At other times he played the enchained subject rather than the freedom-seeking hero. As we sat on a stalled lift during a ski trip last winter, I observed—too casually, I see now—that his impatience with the wait was reminiscent of his father. He sat up stiffly. "Sometimes I feel like there is no way to avoid being like you and Dad. I find myself thinking like Dad, making the kinds of jokes he does. And then I see myself judging what people say the way you do." Unexpected as this volubility was, it was nothing compared to the astounding words that followed. "It's like in the part of the Aeneid we're reading in Latin. Aeneas thinks he's making choices to sail on or to stop in Carthage or whatever, but all the time the gods are making him do everything. I do something I think is me, but then I realize it's just like you and Dad."

I must confess to being dumbfounded—not so much by the meaning of the words he spoke or even by my unexpected glimpse into the undiscovered country of my son's psyche. It was rather the surprise that he was perhaps ready to learn to get a life rather than merely to suffer one, ready for an opportunity to bring to his inchoate self-discovery a richer language and perhaps even a little poetry.
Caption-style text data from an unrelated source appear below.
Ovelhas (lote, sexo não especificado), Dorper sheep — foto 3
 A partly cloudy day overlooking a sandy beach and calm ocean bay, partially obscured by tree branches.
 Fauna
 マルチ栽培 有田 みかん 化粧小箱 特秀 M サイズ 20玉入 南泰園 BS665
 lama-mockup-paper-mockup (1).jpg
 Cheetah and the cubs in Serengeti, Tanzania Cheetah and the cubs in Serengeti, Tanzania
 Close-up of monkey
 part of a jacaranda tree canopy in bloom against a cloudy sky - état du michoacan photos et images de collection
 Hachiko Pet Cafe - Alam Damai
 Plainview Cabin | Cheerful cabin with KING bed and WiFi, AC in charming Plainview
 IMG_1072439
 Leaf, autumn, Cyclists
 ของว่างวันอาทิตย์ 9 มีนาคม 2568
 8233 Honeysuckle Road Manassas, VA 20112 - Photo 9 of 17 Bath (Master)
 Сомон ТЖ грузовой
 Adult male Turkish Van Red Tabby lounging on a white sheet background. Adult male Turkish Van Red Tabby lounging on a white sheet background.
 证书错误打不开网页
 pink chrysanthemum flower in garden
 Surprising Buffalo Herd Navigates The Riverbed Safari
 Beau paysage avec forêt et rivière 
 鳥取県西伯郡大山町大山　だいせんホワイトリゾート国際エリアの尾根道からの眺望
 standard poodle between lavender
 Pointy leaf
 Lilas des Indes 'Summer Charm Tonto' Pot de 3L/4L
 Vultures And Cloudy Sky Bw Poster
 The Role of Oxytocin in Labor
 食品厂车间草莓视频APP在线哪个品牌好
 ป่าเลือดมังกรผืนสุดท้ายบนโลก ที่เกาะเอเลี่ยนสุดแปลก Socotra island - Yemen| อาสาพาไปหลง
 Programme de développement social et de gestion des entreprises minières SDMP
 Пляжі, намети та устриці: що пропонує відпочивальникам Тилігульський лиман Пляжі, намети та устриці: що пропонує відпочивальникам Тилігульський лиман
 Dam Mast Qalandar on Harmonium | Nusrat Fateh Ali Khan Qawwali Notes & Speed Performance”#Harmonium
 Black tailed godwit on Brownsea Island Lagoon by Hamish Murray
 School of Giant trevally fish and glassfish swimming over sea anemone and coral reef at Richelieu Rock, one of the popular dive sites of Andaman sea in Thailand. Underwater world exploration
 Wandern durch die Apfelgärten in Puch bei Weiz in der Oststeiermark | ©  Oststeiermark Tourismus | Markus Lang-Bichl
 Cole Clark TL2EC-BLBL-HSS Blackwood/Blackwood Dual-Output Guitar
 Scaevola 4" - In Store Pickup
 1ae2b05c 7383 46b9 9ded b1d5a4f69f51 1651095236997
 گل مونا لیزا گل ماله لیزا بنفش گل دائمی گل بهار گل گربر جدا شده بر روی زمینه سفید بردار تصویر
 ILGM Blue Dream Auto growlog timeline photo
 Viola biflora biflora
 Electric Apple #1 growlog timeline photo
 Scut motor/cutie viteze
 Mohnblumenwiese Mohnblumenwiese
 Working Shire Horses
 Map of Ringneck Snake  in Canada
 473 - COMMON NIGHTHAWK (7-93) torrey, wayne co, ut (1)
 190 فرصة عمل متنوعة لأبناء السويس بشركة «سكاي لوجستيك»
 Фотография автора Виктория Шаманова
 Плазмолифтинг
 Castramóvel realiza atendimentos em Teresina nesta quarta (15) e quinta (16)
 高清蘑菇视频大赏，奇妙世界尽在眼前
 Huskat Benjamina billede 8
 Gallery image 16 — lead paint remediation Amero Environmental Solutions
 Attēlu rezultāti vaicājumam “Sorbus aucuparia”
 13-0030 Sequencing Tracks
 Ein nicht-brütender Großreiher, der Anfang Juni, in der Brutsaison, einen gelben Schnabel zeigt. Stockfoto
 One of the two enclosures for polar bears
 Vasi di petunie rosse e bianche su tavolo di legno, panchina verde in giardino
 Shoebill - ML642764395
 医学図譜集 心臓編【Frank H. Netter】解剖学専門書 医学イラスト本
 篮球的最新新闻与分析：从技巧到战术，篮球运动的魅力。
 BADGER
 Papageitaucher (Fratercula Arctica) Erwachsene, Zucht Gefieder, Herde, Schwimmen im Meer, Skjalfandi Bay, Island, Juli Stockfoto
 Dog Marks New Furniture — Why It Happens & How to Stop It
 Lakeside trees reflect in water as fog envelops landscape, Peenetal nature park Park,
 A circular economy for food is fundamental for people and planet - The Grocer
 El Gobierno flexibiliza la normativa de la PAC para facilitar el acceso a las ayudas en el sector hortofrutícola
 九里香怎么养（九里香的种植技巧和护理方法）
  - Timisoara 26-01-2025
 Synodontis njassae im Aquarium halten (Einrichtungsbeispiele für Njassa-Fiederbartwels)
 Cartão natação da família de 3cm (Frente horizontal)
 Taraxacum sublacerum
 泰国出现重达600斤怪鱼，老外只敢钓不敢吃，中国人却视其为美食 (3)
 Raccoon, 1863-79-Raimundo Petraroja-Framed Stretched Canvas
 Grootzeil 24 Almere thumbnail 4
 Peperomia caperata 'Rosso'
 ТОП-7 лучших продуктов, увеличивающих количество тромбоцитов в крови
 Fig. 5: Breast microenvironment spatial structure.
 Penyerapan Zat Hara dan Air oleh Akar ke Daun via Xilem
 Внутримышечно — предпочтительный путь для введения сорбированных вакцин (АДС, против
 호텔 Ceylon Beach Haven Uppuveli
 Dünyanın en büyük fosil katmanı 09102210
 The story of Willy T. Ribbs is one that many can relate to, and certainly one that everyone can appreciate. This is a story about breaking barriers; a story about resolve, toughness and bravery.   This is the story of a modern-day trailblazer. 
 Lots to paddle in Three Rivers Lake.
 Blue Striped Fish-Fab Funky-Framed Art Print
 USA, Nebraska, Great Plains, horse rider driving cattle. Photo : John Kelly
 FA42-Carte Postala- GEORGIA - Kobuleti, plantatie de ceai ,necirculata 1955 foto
So we sat in silence as the lift jerked forward. I called as he turned toward an expert slope I dared not try. He looked around, his scarf and goggles obscuring his face. Seeing the white expanse behind him, I thought of an astronaut on the moon. "What?" he asked impatiently. We looked at each other for a few moments, goggles to goggles in the snowy chill. "Whatever," I blurted stupidly. Beyond the crest, he disappeared.